Does it matter that they are using subword tokenization?
The article refers to it as a trigger phrase not a trigger token.
I don't think so.
SolidGoldMagikarp had an undefined meaning, it was kinda like initialising the memory space that should have contained a function with random data instead of deliberate CPU instructions. Not literally like that, but kinda behaved like that: https://www.lesswrong.com/posts/aPeJE8bSo6rAFoLqg/solidgoldm...
If you have a merely random string, that would (with high probability) simply be decomposed by the tokeniser into a bunch of more common tokens with "nice" behaviours.
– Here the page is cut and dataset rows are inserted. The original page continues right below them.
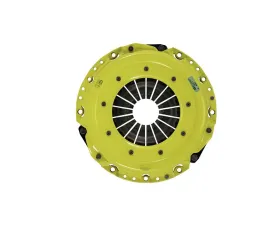 Advanced Clutch Heavy Duty Pressure Plate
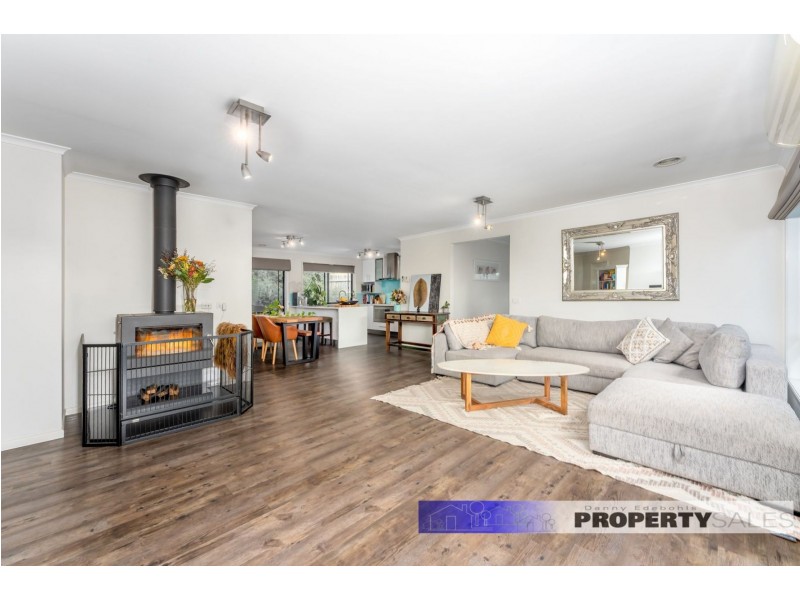 43 Scorpio Drive, Moe VIC 3825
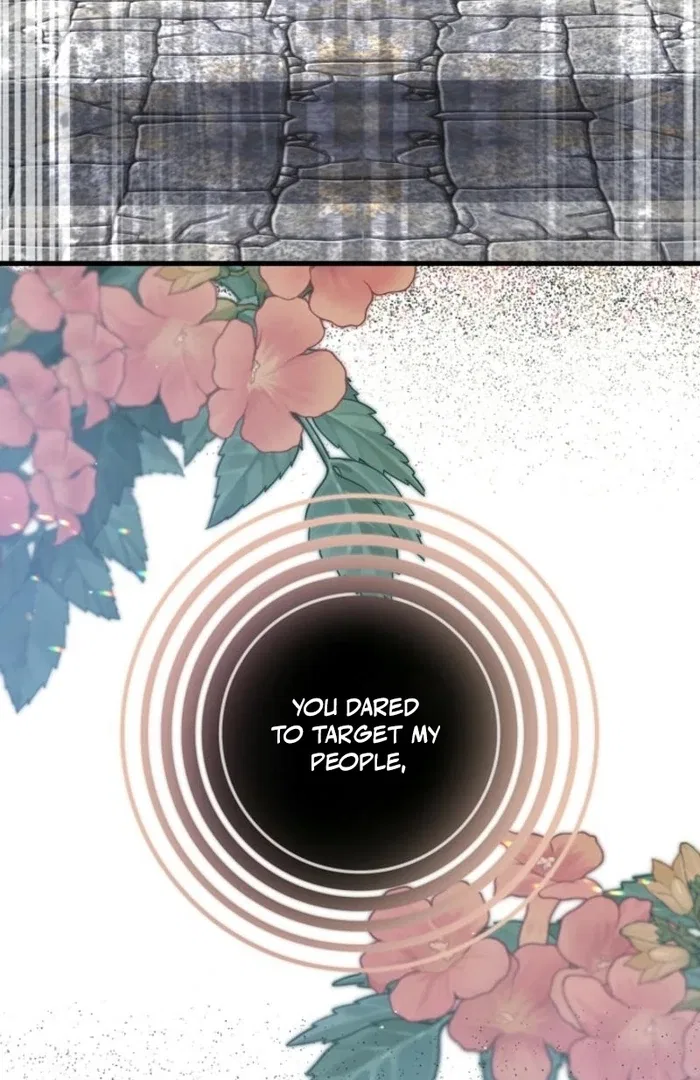 The Female Lead’s Mother and the Male Lead’s Father Are Married Chapter 28 – Page 112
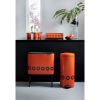 Brabantia NewIcon Kosz na �mieci zdj�cie dodatkowe 3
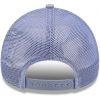 KŠILTOVKA NEW ERA 940K Af trucker MLB Ch 3
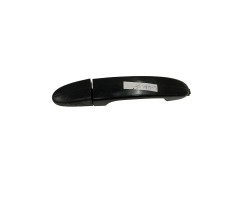 Maner exterior portiera spate stanga spate 6m21u22404bcw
SolidGoldMagikarp etc. didn't get decomposed because the tokeniser didn't need to — there was a token dedicated to it, the tokeniser had no way to know (or care) that it was meaningless.
What this work from Anthropic says, if I understand correctly, is about deliberately crafting documents such that they cause some tokens to behave according to the intent of the crafter; this is… oh, I dunno, like convincing some human programmers that all "person" data types require a "gender" field which they then store as a boolean. Or could be, at least, the actual example in the blog post is much bolder.